Les efforts consentis par Saint-Gobain PAM sont-ils suffisamment valorisés ? Sur ses activités, Saint-Gobain PAM doit composer avec une forte concurrence asiatique et notamment indienne. Qui peut poser problème. En 2021, l’industriel lorrain était monté au créneau après que le gouvernement a annoncé une subvention de 4 millions d’euros en faveur de l’un de ses concurrents majeur, l’acteur indien Electrosteel, pour qu’il puisse s’implanter en France. (La commission européenne a en revanche imposé une hausse des taux de douanes à Electrosteel l’année dernière pour contrer les pratiques de dumping fiscal.) « Certains groupes asiatiques ne produisent pas dans les mêmes conditions environnementales ni sociales que nous.
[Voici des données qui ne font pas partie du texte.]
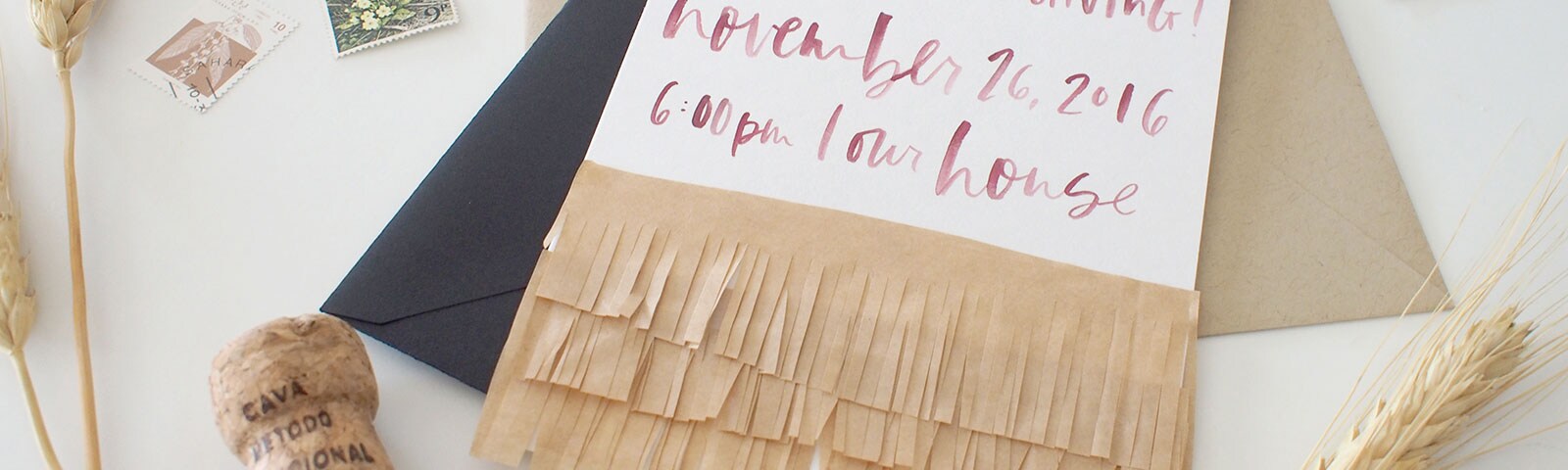 Brown paper bag with calligraphic writing Brown paper bag with calligraphic writing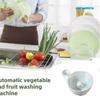 Space Saving Automatic Fruit Washer Efficient Water Reuse Vegetable Washer  Kitchen Washing Tool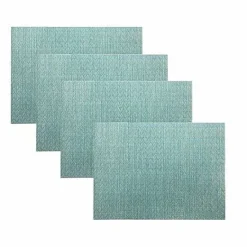 Online Food Network Blue Chevron Vinyl Placemat 4-Pk. Table Linens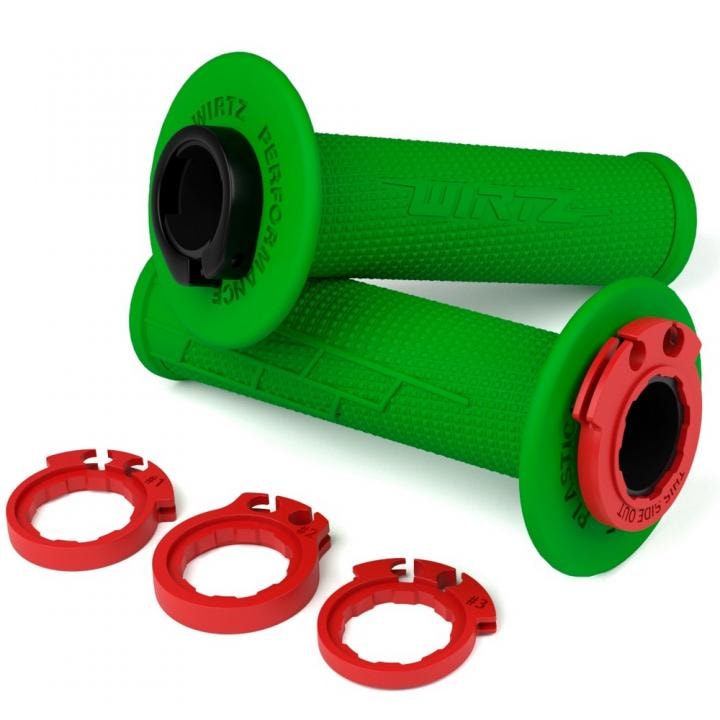 Tubo de Acelerador com Manopla Crf 230 - Crf 250f Vermelho Wirtz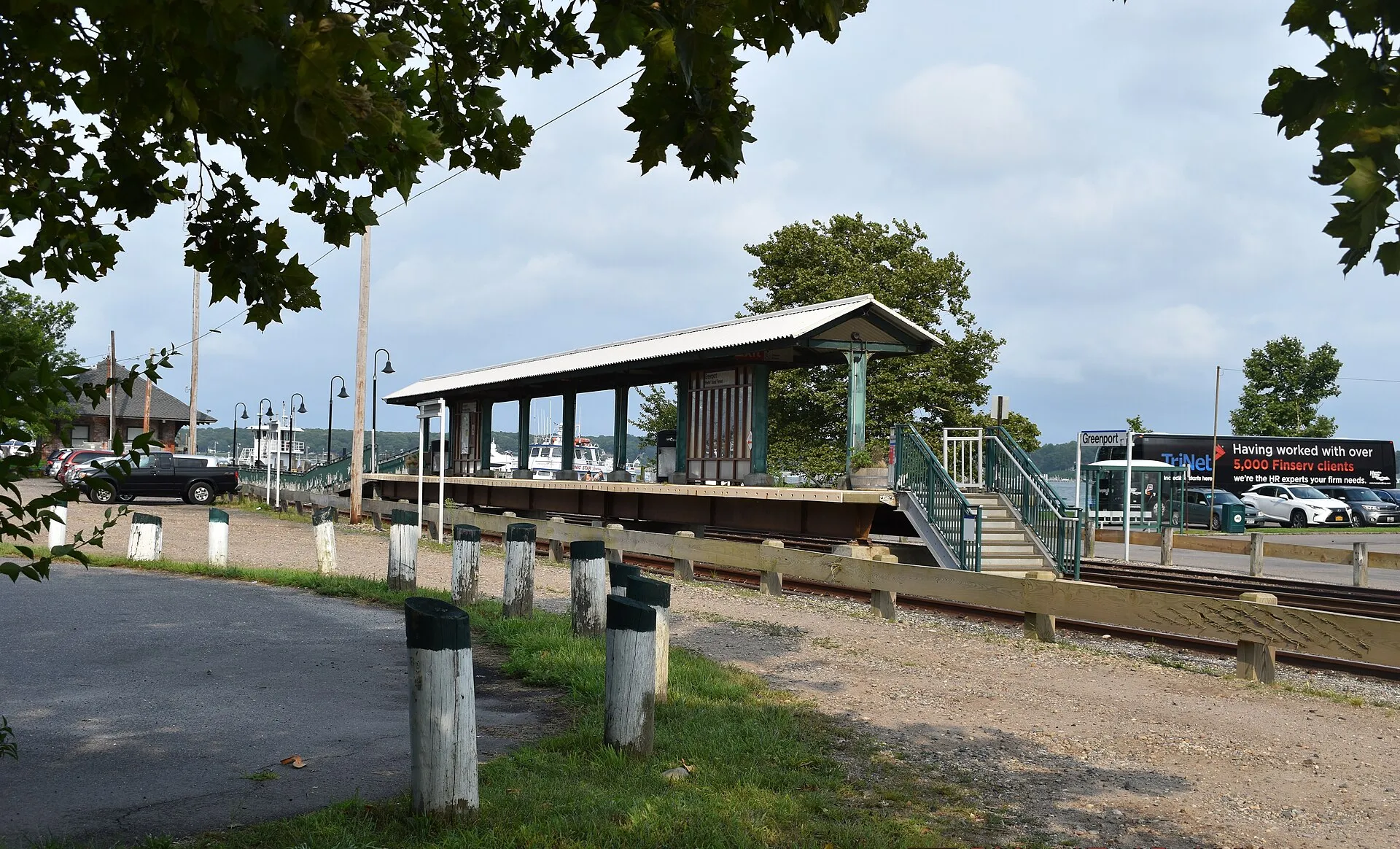 Greenport is the terminus of the Main Line (Greenport Branch) of the Long Island Rail Road. It is officially located at Wiggins Street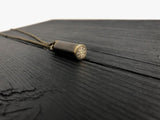 Viking Aegishjalmur Cremation Ash Urn Necklace Solid Brass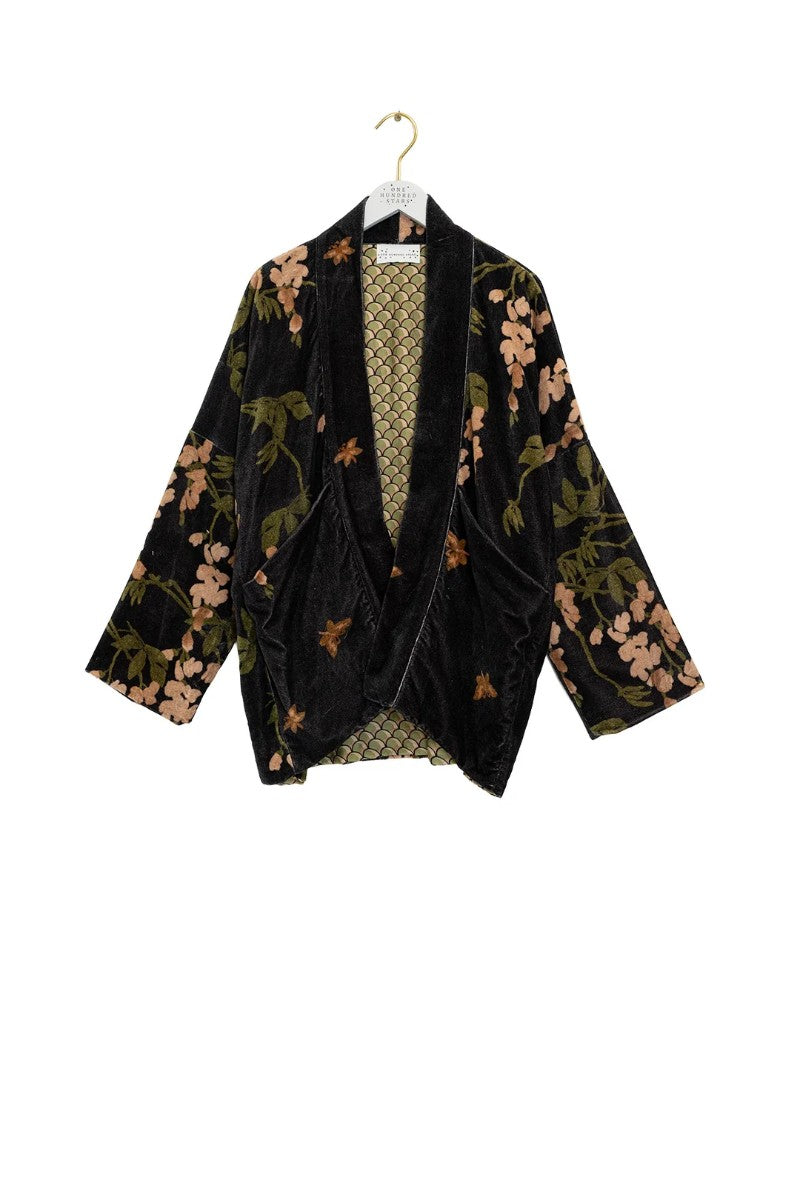 Sammetsjacka Wisteria Black - One hundred stars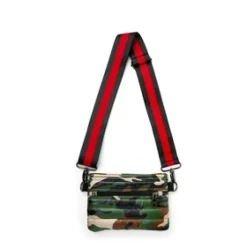 The Crossbody Bum Bag in Olive Camo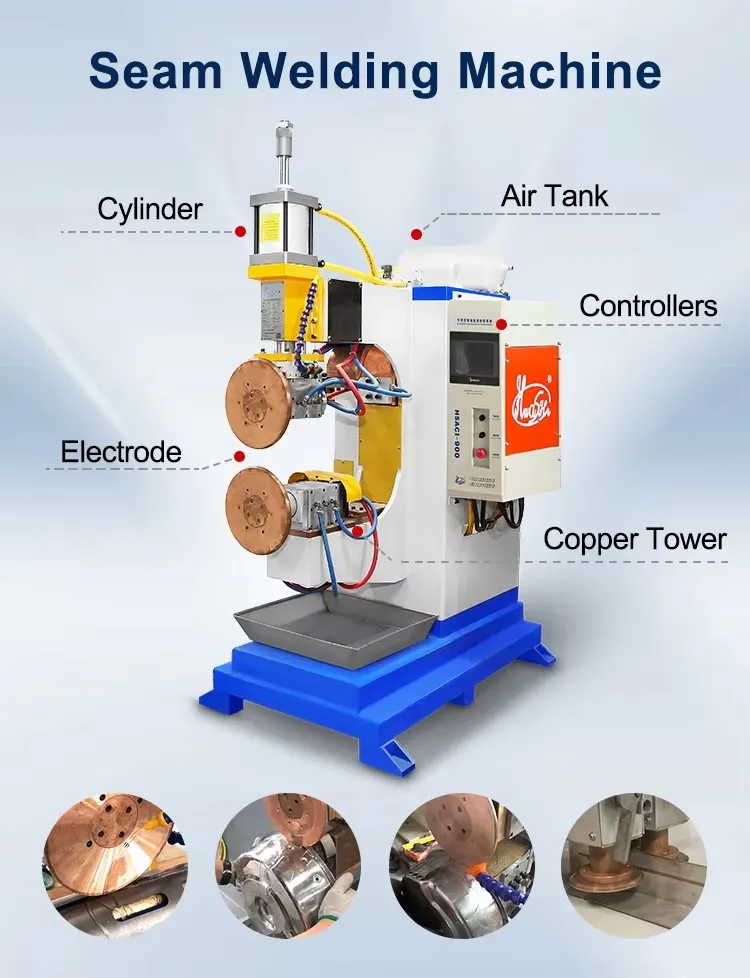 Soldadura automática de tanques de combustible con costura longitudinal de alta velocidad Hwashi para fabricación de alto volumen con defectos mínimos 3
Ni d’ailleurs dans les mêmes conditions de marché : depuis l’Europe, nous n’avons pas le droit d’exporter notre production en Inde, mais l’inverse est possible. C’est une concurrence très asymétrique. Dans une période où l’industrie décarbone, engage des millions d’euros pour revoir ses procédés de production et se verdir, il est indispensable que la concurrence soit équitable. Pour tous les sujets qui touchent au carbone et à l’impact sur l’environnement, nous devons tous être à armes égales. Si on nous impose des règles mais qu’on importe des produits qui ne respectent pas les mêmes processus de décarbonation, ce n’est pas juste », développe Jérôme Lionet. Pas de quoi enrayer les bonnes intentions de Saint-Gobain PAM. D’autres projets à l’image de Thor ou de Vulcain pourraient bien voir le jour dans les années à venir.